De plus, en février et mars, il y en avait encore moins de 68 millions, ce qui révèle que les pertes dues aux exploits cryptographiques ne sont plus particulièrement importantes.
Il convient toutefois de noter que le nombre d'exploits a légèrement diminué par rapport au mois d'avril. En effet, hors mois d'avril, ils sont en hausse continue depuis janvier.
Ce sont donc surtout les pertes moyennes par exploit unique qui ont diminué, peut-être aussi en raison du fait que le marché de la cryptographie traverse un marché baissier.
Il convient toutefois de noter qu'en mai, l'essentiel des pertes a été produit par des exploits sur des protocoles mineurs, tels que Verus, Thorchain, TrustedVolumes, Victom et Gravity Bridge, ce qui confirme une fois de plus que le secteur de la cryptographie est de plus en plus mature, notamment grâce aux protocoles les plus anciens et les plus sécurisés, comme Uniswap mentionné ci-dessus.
La baisse des prix
Une discussion différente, bien que partiellement liée, concerne les pertes générées par la baisse des prix.
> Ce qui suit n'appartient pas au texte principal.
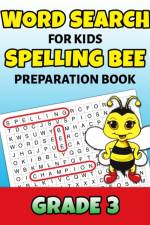 Word Search For Kids Spelling Bee Preparation Book Grade 3 af Puzzle Mastery Press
Globalement, Total3, qui mesure la capitalisation boursière de tous les altcoins hors Ethereum et stablecoins, a augmenté de près de 4 % en mai, mais par rapport au début de l'année, la baisse reste supérieure à 10 %.
En prenant en compte Bitcoin, son prix a chuté de plus de 3% en mai, alors que par rapport au début de l'année, la baisse s'étend jusqu'à 17%.
Ethereum, en revanche, a chuté de 11 % en mai, alors que depuis le début de l’année, la baisse était de 33 %.
Comme le montrent clairement ces données, la baisse des prix des cryptomonnaies n’est pas liée au nombre d’exploits, même si elle affecte la valeur monétaire des pertes générées par les exploits eux-mêmes.
Le problème de la sécurité
Les exploits cryptographiques sont souvent causés par des failles de sécurité dans les protocoles DeFi.
Il est vrai que dans le passé, certains des exploits les plus importants ont été réalisés contre des échanges centralisés, mais en chiffres absolus, ils ne sont pas nombreux par rapport à l'énorme quantité d'exploits réalisés contre les protocoles DeFi.
Le point clé est donc la sécurité des protocoles DeFi, et de ce point de vue, ce qui fait souvent une grande différence, c’est la longévité d’un protocole.
En effet, il ne faut pas oublier que le code informatique avec lequel fonctionnent ces protocoles est public et visible par tous. Par conséquent, s’il contient des défauts, il est très probable que quelqu’un les remarquera tôt ou tard.
Mais à force de trouver des failles et de les corriger, cela devient de plus en plus sécurisé, et c’est ainsi que les protocoles DeFi les plus anciens sont souvent aussi les plus sécurisés, étant donné qu’on a eu plus de temps pour trouver et corriger les failles.
Au contraire, ce sont les protocoles les plus récents qui courent le plus de risques, car il n’a fallu que peu de temps pour détecter d’éventuelles failles.
De plus, il ne faut pas oublier que les défauts sont plus fréquents qu’on ne le pense généralement, mais l’important est de les trouver et de les corriger au plus vite. Les meilleurs protocoles sont ceux dont les défauts sont découverts et corrigés en grande partie avant leur diffusion publique, c'est-à-dire pendant la phase de test, tandis que ceux qui sont lancés sur le marché sans tests suffisamment rigoureux et approfondis courent de ce point de vue des risques plus importants.
Au fil des années, il y a même eu plusieurs protocoles DeFi qui, une fois attaqués avec succès, ont été abandonnés parce que cela ne valait pas la peine de corriger les failles, ou parce qu'il s'agissait de véritables arnaques lancées par les mêmes personnes qui les ont ensuite attaqués en exploitant des failles déjà connues.
Il faut donc faire très attention aux protocoles DeFi que vous choisissez d’utiliser, en privilégiant ceux qui ont résisté le plus longtemps et avec succès à de multiples tentatives d’attaque, car seuls ceux-ci disposent d’un niveau de sécurité élevé.